When trying to retrieve a value for Visits After Last Purchase Count this is where I am stuck.

SELECT 
ClientID, 
FirstVisit, 
LastVisit, 
LastPurchaseDate, 
Visits, 
Purchases, 
VisitsAfterPurchase
FROM 
(
SELECT 
    h.ClientID, 
    max(h.Date) AS LastVisit, 
    min(h.Date) AS FirstVisit, 
    count(VisitID) AS Visits
FROM s7_visits AS h 
WHERE Date > '2017-12-01'
GROUP BY h.ClientID
LIMIT 100
) 
ANY LEFT JOIN 
(
SELECT 
    d.ClientID, 
    max(d.Date) AS LastPurchaseDate, 
    sum(length(d.PurchaseID)) AS Purchases, 
    sum(
    (
        SELECT count(x.VisitID)
        FROM s7_visits AS x 
        WHERE x.ClientID = d.ClientID
        HAVING x.Date >= max(d.Date)
    )) AS VisitsAfterPurchase
FROM s7_visits AS d 
WHERE (length(PurchaseID) > 0) AND (Date > '2017-12-01')
GROUP BY d.ClientID
) USING (ClientID)

The database system I'm using is Yandex ClickHouse.
The USING syntax is absolutely normal for ClickHouse. It is used instead of ON clause in other RDBMSs.

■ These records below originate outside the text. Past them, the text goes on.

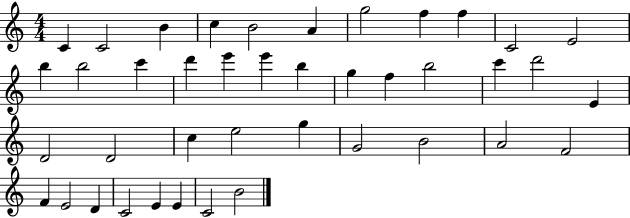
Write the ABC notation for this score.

X:1
T:Untitled
M:4/4
L:1/4
K:C
C C2 B c B2 A g2 f f C2 E2 b b2 c' d' e' e' b g f b2 c' d'2 E D2 D2 c e2 g G2 B2 A2 F2 F E2 D C2 E E C2 B2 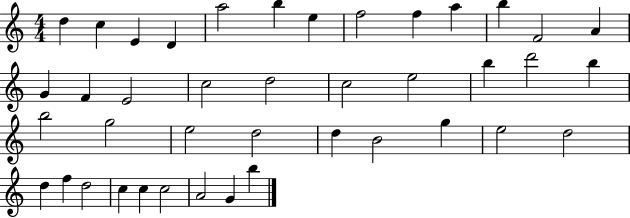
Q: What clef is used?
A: treble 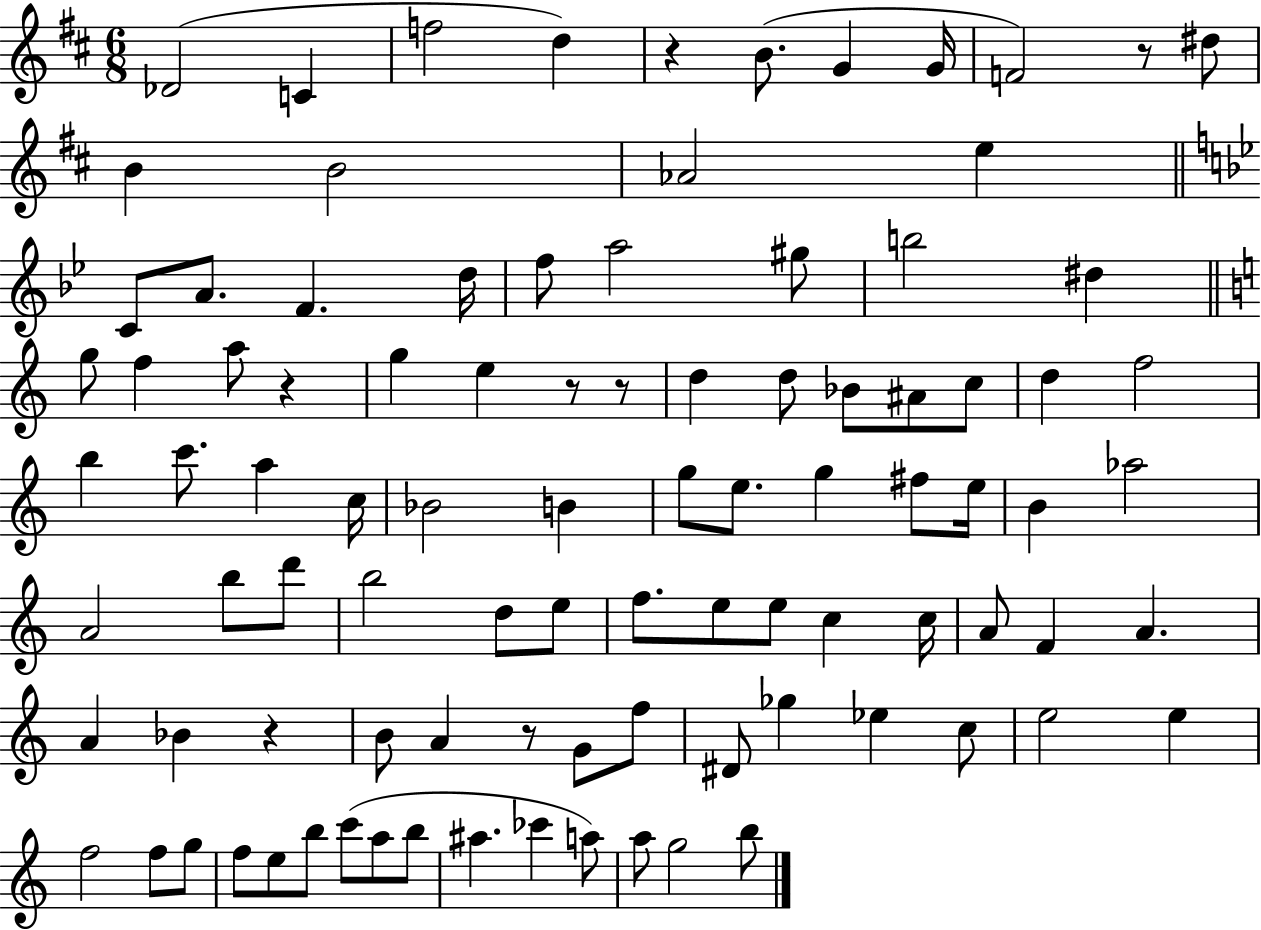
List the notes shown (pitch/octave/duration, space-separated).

Db4/h C4/q F5/h D5/q R/q B4/e. G4/q G4/s F4/h R/e D#5/e B4/q B4/h Ab4/h E5/q C4/e A4/e. F4/q. D5/s F5/e A5/h G#5/e B5/h D#5/q G5/e F5/q A5/e R/q G5/q E5/q R/e R/e D5/q D5/e Bb4/e A#4/e C5/e D5/q F5/h B5/q C6/e. A5/q C5/s Bb4/h B4/q G5/e E5/e. G5/q F#5/e E5/s B4/q Ab5/h A4/h B5/e D6/e B5/h D5/e E5/e F5/e. E5/e E5/e C5/q C5/s A4/e F4/q A4/q. A4/q Bb4/q R/q B4/e A4/q R/e G4/e F5/e D#4/e Gb5/q Eb5/q C5/e E5/h E5/q F5/h F5/e G5/e F5/e E5/e B5/e C6/e A5/e B5/e A#5/q. CES6/q A5/e A5/e G5/h B5/e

This query is giving me the following error:

DB::Exception: Column Date is not under aggregate function and not in GROUP BY..

Sample Data:

  +----------+---------+------------+------------+
  | CliendID | VisitID |    Date    | PurchaseID |
  +----------+---------+------------+------------+
  |      123 |     136 | 01.12.2017 |            |
  |      123 |     522 | 05.12.2017 |            |
  |      123 |     883 | 08.12.2017 |            |
  |      123 |     293 | 09.12.2017 | ['345']    |
  |      123 |     278 | 12.12.2017 |            |
  |      123 |     508 | 12.12.2017 |            |
  |      123 |     562 | 15.12.2017 |            |
  |      123 |     523 | 21.12.2017 |            |
  |      456 |     736 | 29.11.2017 |            |
  |      456 |     417 | 03.12.2017 |            |
  |      456 |     950 | 04.12.2017 |            |
  |      456 |     532 | 05.12.2017 | ['346']    |
  |      456 |     880 | 09.12.2017 |            |
  |      456 |     296 | 12.12.2017 |            |
  |      456 |     614 | 15.12.2017 |            |
  +----------+---------+------------+------------+

And the result should be:

  +----------+-----------------+------------------+--------------------+--------------+-----------------+----------------------------------+
  | ClientID | Last Visit Date | First Visit Date | Last Purchase Date | Visits Count | Purchases Count | Visits After Last Purchase Count |
  +----------+-----------------+------------------+--------------------+--------------+-----------------+----------------------------------+
  |      123 |      21.12.2017 |       01.12.2017 |         09.12.2017 |            8 |               1 |                                4 |
  |      456 |      15.12.2017 |       29.11.2017 |         05.12.2017 |            7 |               1 |                                3 |
  +----------+-----------------+------------------+--------------------+--------------+-----------------+----------------------------------+

Best Answer

Problem solved. Unfortunately ClickHouse does not support aliases for subqueries and hence referencing. So I had to find another workaround using SELECT from subquery (with LastVisitDate) LEFT JOINed with another subquery (with LastPurchase Date) containing and then using WHERE clause "LastVisitDate < LastPurchaseDate".